There were 411 households, out of which 31.4% had children under the age of 18 living with them, 53.3% were married couples living together, 9.5% had a female householder with no husband present, and 30.4% were non-families. 25.5% of all households were made up of individuals, and 14.1% had someone living alone who was 65 years of age or older. The average household size was 2.48 and the average family size was 2.95.

In the CDP, the population was spread out, with 23.5% under the age of 18, 6.2% from 18 to 24, 27.5% from 25 to 44, 21.4% from 45 to 64, and 21.3% who were 65 years of age or older. The median age was 41 years. For every 100 females, there were 87.3 males. For every 100 females age 18 and over, there were 84.9 males.

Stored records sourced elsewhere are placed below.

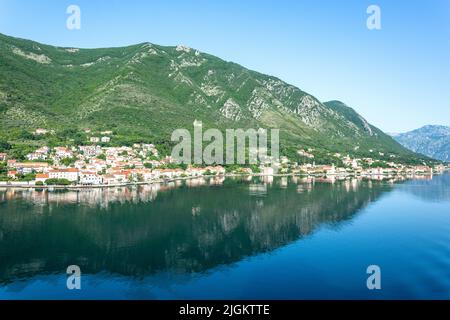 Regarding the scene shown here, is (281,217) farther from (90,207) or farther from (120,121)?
(120,121)

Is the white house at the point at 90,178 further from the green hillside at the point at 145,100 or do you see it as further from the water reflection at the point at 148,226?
the green hillside at the point at 145,100

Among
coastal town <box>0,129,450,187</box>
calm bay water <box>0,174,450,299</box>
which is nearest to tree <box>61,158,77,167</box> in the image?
coastal town <box>0,129,450,187</box>

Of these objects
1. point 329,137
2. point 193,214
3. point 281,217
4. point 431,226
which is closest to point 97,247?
point 193,214

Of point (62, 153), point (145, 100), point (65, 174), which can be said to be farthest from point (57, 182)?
point (145, 100)

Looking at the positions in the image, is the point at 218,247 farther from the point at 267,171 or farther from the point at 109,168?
the point at 267,171

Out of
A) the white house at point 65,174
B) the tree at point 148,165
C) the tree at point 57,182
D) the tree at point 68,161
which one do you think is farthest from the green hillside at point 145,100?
the tree at point 57,182

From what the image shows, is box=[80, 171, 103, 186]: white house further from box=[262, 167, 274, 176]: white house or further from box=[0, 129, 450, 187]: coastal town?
box=[262, 167, 274, 176]: white house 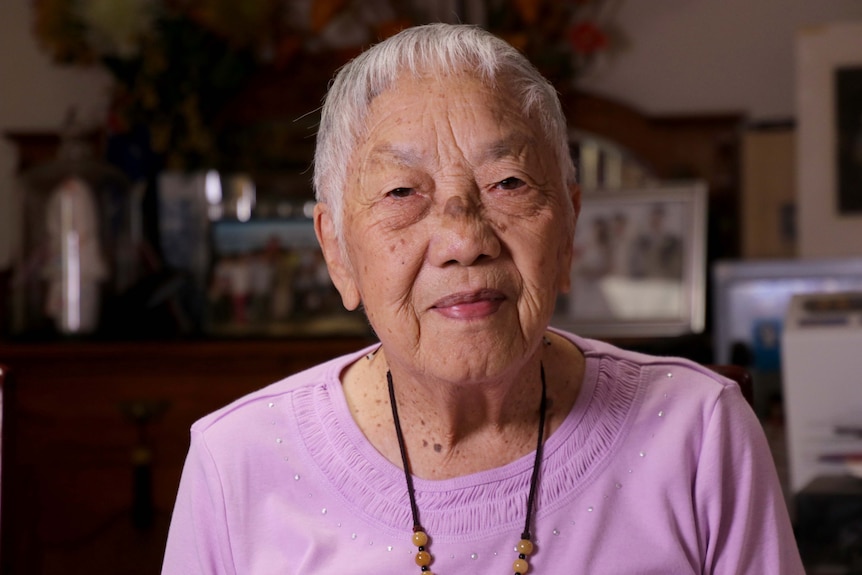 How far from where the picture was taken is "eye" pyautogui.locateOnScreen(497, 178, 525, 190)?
113cm

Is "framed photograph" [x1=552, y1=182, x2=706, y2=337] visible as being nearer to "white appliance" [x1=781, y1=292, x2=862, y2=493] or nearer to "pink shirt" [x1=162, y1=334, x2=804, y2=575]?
"white appliance" [x1=781, y1=292, x2=862, y2=493]

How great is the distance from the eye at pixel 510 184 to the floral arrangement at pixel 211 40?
6.39ft

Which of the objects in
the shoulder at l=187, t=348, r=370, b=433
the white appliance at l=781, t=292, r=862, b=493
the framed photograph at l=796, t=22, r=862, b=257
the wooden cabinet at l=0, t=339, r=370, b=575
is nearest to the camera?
Result: the shoulder at l=187, t=348, r=370, b=433

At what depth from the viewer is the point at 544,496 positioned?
1.18 meters

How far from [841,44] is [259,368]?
165 centimetres

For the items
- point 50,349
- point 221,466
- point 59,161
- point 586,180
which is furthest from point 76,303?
point 221,466

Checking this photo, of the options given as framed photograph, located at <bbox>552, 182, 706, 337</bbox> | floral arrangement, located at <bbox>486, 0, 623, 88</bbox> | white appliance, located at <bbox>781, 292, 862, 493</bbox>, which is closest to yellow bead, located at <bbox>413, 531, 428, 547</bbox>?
white appliance, located at <bbox>781, 292, 862, 493</bbox>

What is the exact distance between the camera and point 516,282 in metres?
1.11

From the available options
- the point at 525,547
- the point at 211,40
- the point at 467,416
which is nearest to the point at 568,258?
the point at 467,416

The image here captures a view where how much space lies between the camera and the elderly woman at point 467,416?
3.67ft

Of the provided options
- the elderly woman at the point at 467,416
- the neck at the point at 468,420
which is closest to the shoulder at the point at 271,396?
the elderly woman at the point at 467,416

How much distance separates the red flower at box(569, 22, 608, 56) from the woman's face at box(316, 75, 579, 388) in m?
1.97

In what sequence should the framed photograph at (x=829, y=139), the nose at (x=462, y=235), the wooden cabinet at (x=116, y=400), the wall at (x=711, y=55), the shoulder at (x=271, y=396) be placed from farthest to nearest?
the wall at (x=711, y=55)
the wooden cabinet at (x=116, y=400)
the framed photograph at (x=829, y=139)
the shoulder at (x=271, y=396)
the nose at (x=462, y=235)

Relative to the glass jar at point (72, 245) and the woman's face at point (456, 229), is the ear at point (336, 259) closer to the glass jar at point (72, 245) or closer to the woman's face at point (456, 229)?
the woman's face at point (456, 229) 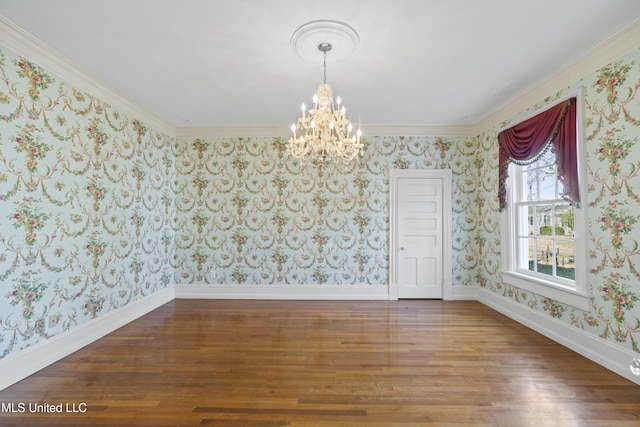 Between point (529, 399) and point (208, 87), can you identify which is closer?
point (529, 399)

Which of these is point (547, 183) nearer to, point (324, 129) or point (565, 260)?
point (565, 260)

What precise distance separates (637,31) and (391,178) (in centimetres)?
273

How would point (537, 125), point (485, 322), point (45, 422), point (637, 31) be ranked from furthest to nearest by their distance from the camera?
1. point (485, 322)
2. point (537, 125)
3. point (637, 31)
4. point (45, 422)

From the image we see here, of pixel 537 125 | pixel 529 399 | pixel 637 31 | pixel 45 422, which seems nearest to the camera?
pixel 45 422

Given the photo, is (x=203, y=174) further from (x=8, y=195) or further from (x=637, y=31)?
(x=637, y=31)

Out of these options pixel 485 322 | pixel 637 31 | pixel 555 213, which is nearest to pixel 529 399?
pixel 485 322

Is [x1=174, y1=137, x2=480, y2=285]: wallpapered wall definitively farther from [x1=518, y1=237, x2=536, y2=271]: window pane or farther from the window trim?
the window trim

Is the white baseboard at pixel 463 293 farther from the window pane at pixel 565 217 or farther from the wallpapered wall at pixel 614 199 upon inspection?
the window pane at pixel 565 217

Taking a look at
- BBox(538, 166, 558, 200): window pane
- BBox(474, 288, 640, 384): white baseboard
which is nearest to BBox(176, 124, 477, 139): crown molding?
BBox(538, 166, 558, 200): window pane

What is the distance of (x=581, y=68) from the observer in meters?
2.54

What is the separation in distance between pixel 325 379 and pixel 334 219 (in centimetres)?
252

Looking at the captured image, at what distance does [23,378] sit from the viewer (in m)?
2.19

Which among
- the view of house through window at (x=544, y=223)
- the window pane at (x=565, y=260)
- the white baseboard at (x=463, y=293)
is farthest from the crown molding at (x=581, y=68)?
the white baseboard at (x=463, y=293)

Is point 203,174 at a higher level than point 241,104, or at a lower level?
lower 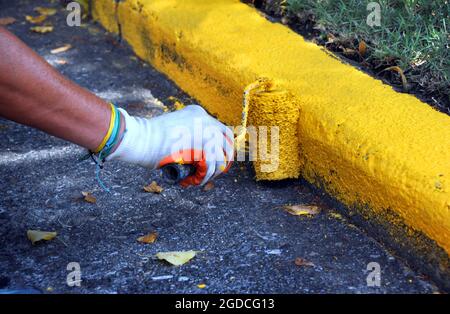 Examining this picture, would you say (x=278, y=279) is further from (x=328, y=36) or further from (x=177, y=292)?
(x=328, y=36)

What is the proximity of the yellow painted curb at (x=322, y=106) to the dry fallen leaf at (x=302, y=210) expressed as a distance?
0.30ft

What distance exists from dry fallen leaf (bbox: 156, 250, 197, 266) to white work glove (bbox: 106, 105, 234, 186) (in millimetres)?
273

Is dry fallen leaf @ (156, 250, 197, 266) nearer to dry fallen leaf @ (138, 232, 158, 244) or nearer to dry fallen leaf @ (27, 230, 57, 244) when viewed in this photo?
dry fallen leaf @ (138, 232, 158, 244)

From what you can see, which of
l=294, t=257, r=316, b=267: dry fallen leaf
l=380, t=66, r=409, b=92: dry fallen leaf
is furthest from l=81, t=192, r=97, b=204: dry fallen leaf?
A: l=380, t=66, r=409, b=92: dry fallen leaf

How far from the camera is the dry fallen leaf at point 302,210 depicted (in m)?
2.76

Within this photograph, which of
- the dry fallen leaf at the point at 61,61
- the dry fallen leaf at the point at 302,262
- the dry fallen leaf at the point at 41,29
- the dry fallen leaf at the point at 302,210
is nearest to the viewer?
the dry fallen leaf at the point at 302,262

The median income for a household in the CDP was $29,612, and the median income for a family was $35,481. Males had a median income of $28,750 versus $25,781 for females. The per capita income for the CDP was $19,260. About 10.5% of families and 13.1% of the population were below the poverty line, including 21.1% of those under age 18 and 12.2% of those age 65 or over.

Historical population
| Census | Pop. | Note | %± |
| 2000 | 1,105 |  | — |
| 2010 | 946 |  | −14.4% |
| 2020 | 908 |  | −4.0% |
U.S. Decennial Census

==Climate==
This climatic region is typified by wide seasonal temperature variance, with warm to hot (and often humid) summers and cold (sometimes severely cold) winters with large amounts of snowfall. According to the Köppen Climate Classification system, Hubbell has a humid continental climate, abbreviated "Dfb" on climate maps.